孟予虹看他没穿衣服的样子倒是心情很好,她肌肤比牛奶还白,腰细腿长,皱着一张漂亮的小脸蛋正在生气害羞:“穿上衣服跟我走。”
“你来干什么?”
“接你。”
“去哪儿?”
“我家。”
她看着他,觉得他莫名其妙,她才不去呢。
“你洗了三天冷水澡。”孟予虹的目光扫了一眼她湿漉漉的头发:“再洗下去你会生病,你没有钱看病。”
她的手指攥紧了浴巾的边缘,他说得对,可是,他为什么要帮她呢。
“你为什么要帮我?”
孟予虹笑了:“你猜。”
“因为我是你妹妹。”
孟予虹没有说话,孟予玫以为自己猜对了,她觉得很荒谬:“你搞垮了爸爸的公司,逼得我妈失踪,然后你和我谈亲情。”
孟予红没正面回答,只说:“赶紧收拾东西,车在楼下,至于亲情什么的,我没有爸爸,我只有妈妈。

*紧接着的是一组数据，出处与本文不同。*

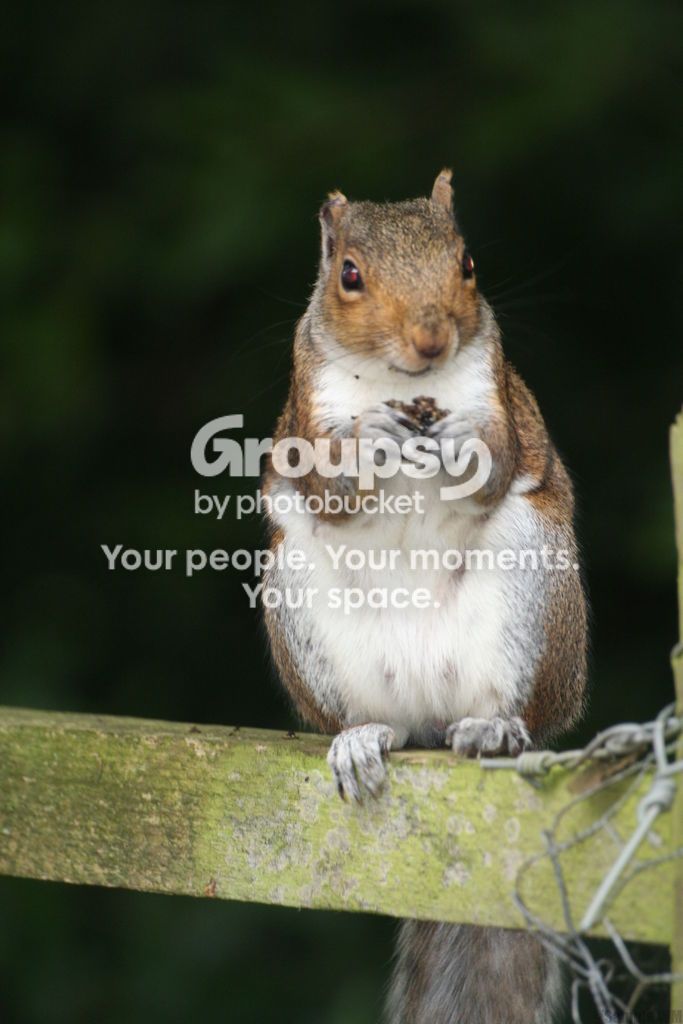 Red%20Squirrel_zpsgzv9myjp.jpg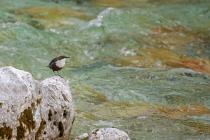 Wasseramsel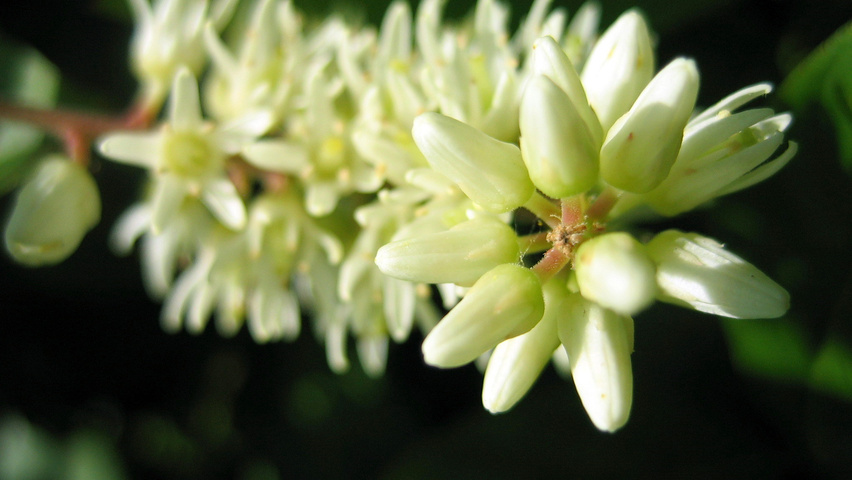 Itea virginica цветки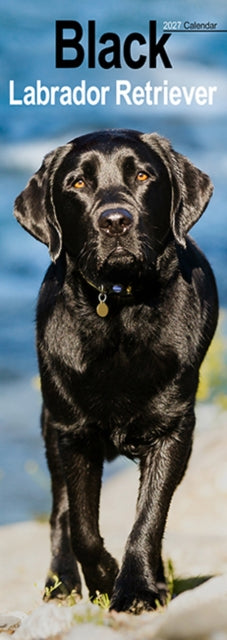 Labrador Retriever Black Slim - 9781806482115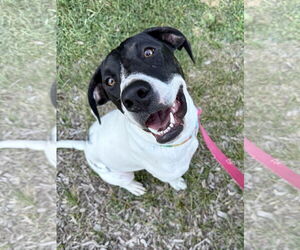 American Pit Bull Terrier-Pointer Mix Dogs for adoption in Clinton , MI, USA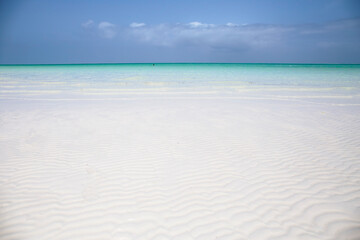 Amazing beach with white sand in Zanzibar,Tanzania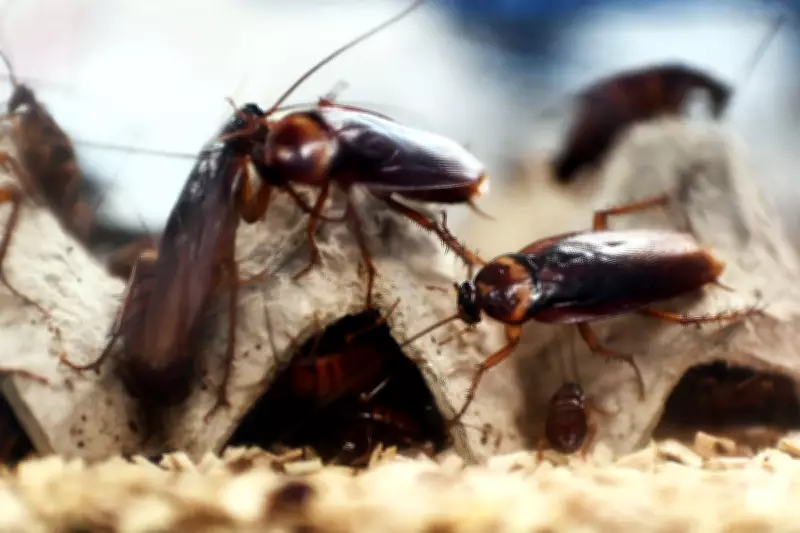 Cockroach Party Unites Millions of Frustrated Indian Youth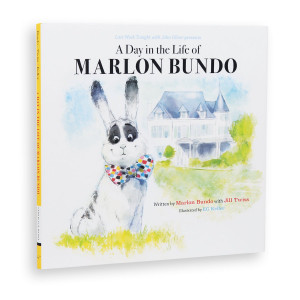 image of a white bunny on a grassy yard. image of a white bunny on a grassy yard.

”
孟予虹的房子在盛海市最好的地段,整栋楼只有六户,每一户都是一整层,客厅很大,落地窗从天花板延伸到地面,盛海市的江上的夜景在玻璃外面铺展开来,江面波光粼粼,像一张被揉皱的锡箔纸,沙发上放着一只毛绒兔子。
“你的东西我都让人搬过来了,在客房里,你的书、衣服、还有这些,”他的目光扫了一眼沙发上的兔子,嫌弃的说:“破烂。”
孟予玫把兔子拿起来,抱在怀里:“兔子才不是破烂。”
“客房是给你住的,”孟予虹绕过她,走到客厅中央,“主卧在走廊尽头,书房不要碰我的文件,不要进去,冰箱里的东西随便吃,出门不用跟我打招呼,但晚上十一点之前回来。”
孟予虹转过身,看着她,四目相对,“还有一件事。”
他从大衣口袋里拿出一张卡,放在茶几上,黑色的卡,没有Logo,只有一串数字编号:“这是你的卡,每个月我会往里打一笔钱,你可以随意花。”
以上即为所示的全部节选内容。